Coho Salmon Affected by Urban Pollution
Published on by Water Network Research, Official research team of The Water Network in Academic
A toxic cocktail of oil, gas, brake dust, and urban sludge that contaminates the Pacific Northwest’s river system during rainstorms can kill the region’s endangered coho salmon in a few hours, a new study has found
In the same study, conducted by the National Oceanic and Atmospheric Administration Northwest Fisheries Science Center in Seattle, researchers found that if the same pollution was run through a simple filtration system of sand and soil, the toxic effect on fish was practically eliminated.
“Untreated urban runoff is very bad for salmon health,” Julann Spromberg, a research scientist at NOAA, said in a statement. “Our goal with this research is to find practical and inexpensive ways to improve water quality. The salmon are telling us if they work.”

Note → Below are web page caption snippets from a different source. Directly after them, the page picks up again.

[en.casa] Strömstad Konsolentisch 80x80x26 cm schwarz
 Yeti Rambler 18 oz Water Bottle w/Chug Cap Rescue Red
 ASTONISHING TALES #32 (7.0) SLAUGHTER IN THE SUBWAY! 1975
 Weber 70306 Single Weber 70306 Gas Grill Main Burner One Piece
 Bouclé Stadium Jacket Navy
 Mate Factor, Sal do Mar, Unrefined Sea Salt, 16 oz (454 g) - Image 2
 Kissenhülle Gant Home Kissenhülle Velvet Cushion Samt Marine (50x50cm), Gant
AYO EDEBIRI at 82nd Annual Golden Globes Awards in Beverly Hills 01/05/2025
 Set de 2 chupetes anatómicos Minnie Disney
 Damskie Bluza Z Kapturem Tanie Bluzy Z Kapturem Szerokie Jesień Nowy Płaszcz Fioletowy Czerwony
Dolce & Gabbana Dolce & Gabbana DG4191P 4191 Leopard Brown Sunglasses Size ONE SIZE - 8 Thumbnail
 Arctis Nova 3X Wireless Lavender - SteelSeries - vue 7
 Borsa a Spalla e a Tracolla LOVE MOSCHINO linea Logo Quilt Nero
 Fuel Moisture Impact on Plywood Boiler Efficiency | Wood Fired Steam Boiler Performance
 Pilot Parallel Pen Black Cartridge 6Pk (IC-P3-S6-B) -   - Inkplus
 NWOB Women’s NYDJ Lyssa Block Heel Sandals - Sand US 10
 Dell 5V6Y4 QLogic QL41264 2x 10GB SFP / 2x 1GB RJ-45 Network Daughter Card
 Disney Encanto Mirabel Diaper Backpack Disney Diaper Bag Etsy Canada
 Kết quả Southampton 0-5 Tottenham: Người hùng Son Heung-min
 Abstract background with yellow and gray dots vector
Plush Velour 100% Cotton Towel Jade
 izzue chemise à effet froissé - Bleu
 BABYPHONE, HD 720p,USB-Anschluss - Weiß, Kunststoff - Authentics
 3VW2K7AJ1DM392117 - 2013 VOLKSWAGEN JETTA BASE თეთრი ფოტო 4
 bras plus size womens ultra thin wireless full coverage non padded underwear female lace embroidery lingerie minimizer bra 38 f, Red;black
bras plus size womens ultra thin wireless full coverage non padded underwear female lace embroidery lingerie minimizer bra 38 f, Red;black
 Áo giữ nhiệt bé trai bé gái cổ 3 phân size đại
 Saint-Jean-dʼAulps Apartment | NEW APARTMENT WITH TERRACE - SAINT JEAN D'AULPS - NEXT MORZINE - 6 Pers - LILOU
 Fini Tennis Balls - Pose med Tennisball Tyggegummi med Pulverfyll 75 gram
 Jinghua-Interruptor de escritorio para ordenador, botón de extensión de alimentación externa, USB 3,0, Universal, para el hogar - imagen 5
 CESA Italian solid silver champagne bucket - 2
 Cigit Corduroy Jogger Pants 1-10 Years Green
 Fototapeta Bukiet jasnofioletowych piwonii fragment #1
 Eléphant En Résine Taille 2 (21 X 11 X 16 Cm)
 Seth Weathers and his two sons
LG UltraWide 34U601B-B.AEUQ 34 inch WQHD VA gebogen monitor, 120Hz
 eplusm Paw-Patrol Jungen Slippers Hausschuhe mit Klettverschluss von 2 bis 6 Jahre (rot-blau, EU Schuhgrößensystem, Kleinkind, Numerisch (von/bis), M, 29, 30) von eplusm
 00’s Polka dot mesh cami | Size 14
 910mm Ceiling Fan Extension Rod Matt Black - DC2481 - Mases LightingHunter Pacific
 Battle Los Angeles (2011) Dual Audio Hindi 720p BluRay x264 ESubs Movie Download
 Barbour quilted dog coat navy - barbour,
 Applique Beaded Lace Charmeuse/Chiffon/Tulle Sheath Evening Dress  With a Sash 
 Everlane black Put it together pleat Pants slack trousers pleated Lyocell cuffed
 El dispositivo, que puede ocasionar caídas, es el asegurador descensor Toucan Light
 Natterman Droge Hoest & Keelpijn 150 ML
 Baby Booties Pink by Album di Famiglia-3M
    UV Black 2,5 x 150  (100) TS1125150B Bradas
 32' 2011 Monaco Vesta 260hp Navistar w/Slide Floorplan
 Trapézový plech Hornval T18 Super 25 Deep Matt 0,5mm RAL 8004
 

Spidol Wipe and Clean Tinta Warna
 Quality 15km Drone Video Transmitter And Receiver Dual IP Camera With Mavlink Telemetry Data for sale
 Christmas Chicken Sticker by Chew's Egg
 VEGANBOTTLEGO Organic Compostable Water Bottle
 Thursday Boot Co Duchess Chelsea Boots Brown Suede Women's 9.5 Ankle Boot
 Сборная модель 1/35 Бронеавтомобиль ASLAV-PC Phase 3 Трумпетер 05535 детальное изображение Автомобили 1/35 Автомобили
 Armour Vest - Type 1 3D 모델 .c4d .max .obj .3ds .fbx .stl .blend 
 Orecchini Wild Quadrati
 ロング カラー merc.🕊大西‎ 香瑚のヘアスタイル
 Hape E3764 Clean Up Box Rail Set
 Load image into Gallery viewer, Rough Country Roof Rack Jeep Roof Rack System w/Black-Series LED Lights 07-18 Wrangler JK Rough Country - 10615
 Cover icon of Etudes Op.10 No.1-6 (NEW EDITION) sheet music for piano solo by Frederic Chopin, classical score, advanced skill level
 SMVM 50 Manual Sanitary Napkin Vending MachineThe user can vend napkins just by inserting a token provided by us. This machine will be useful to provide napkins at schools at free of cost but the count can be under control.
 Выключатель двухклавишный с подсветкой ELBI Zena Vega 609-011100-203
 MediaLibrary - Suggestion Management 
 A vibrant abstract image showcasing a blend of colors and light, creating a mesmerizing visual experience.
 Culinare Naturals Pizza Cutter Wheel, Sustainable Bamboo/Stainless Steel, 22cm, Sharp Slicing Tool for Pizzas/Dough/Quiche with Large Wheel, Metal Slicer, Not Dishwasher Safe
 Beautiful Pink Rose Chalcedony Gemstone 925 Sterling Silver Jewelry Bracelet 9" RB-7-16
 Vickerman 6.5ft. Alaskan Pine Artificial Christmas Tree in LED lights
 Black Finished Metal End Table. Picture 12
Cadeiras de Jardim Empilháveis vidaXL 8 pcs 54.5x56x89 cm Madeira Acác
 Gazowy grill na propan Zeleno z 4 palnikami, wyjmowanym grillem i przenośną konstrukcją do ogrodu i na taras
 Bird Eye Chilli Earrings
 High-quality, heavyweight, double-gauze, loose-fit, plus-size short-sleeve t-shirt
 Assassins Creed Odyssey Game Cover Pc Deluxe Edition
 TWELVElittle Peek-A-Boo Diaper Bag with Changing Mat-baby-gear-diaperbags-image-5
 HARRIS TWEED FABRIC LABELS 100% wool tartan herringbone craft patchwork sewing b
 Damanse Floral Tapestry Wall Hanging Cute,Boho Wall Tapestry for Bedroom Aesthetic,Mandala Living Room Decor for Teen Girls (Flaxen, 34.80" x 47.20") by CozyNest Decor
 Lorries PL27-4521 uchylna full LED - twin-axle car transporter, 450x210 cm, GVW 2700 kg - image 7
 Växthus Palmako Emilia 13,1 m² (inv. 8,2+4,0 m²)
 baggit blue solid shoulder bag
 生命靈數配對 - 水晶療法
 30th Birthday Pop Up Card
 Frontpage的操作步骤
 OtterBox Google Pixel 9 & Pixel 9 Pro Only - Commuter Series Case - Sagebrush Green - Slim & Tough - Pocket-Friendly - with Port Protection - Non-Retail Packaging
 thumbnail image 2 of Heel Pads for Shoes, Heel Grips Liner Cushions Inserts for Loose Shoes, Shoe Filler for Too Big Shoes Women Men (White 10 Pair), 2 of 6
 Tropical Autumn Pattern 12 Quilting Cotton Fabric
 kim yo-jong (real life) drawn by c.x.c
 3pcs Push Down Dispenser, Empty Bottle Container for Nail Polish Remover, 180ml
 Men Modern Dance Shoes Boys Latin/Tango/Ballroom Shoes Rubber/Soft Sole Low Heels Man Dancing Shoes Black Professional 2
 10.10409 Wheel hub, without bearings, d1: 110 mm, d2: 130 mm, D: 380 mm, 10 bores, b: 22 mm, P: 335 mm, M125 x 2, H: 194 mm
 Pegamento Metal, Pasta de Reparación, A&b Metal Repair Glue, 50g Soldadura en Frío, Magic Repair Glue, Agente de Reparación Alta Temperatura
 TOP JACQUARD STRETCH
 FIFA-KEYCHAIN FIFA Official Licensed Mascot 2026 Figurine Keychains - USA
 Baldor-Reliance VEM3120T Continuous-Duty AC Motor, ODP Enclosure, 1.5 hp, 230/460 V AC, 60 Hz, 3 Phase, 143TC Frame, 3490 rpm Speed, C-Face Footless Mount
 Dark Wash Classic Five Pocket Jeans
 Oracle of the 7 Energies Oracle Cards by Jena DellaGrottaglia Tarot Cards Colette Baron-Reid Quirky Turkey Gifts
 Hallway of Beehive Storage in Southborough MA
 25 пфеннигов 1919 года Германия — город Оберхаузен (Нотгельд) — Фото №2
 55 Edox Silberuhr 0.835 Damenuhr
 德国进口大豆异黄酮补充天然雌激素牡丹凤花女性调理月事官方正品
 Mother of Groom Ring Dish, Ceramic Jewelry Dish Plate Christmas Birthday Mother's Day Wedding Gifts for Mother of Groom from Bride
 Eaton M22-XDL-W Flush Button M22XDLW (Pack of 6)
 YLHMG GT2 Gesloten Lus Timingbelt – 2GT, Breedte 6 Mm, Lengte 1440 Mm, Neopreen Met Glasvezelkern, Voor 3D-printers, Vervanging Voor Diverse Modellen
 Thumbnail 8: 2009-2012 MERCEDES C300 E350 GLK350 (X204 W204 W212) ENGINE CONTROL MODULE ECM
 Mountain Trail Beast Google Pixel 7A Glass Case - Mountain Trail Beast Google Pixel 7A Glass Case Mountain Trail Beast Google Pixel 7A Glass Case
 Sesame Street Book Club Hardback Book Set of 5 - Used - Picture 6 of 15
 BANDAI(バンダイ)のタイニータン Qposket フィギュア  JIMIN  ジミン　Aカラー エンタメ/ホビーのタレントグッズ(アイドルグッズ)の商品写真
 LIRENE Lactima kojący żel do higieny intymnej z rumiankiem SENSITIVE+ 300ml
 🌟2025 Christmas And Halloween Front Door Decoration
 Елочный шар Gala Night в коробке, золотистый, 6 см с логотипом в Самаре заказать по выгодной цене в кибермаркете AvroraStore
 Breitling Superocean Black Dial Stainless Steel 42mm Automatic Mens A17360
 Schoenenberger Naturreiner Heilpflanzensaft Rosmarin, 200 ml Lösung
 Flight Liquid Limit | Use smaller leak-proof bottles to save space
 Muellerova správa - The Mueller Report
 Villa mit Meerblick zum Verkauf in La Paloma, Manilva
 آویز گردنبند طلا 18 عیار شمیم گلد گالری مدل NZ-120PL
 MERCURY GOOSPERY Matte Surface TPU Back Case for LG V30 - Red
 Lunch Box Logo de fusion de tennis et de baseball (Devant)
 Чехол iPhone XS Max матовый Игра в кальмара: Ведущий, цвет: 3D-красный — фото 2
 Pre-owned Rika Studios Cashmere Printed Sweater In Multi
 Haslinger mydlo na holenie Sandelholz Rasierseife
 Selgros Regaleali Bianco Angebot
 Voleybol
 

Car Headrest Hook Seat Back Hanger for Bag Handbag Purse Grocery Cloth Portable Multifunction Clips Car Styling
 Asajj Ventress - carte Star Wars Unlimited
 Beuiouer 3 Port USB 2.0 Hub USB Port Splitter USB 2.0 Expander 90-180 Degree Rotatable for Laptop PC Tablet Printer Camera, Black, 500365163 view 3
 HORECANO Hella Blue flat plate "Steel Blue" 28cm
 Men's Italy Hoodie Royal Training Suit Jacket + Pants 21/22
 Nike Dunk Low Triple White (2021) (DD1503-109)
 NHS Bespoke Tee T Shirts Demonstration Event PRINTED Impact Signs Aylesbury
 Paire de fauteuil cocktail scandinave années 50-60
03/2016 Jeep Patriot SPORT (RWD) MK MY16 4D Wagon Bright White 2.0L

For more than a decade, scientists have known that urban runoff was most likely damaging fish species such as the coho salmon, which were dying off in high numbers before they could spawn. One report focused on West Seattle’s Longfellow Creek, where each year, up to 90 percent of the female salmon were dying before spawning.
In their initial experiments, the scientists mixed crude oil, metal, and other substances to make a synthetic “urban runoff” cocktail. But when they ran it through the test tanks, the fish did fine—no mortalities.
So the scientists decided to go to the source, capturing actual runoff from a downspout along highway 520 near Montlake, Washington. When the team ran that through the tanks, the fish became weak and sick—some died within three hours, and most were dead by the following day.
It was an unexpected result, and the scientists theorize it could show that yet-unknown toxins from automobile exhaust, metals, and other substances coating roads could be the real culprits behind the fish declines.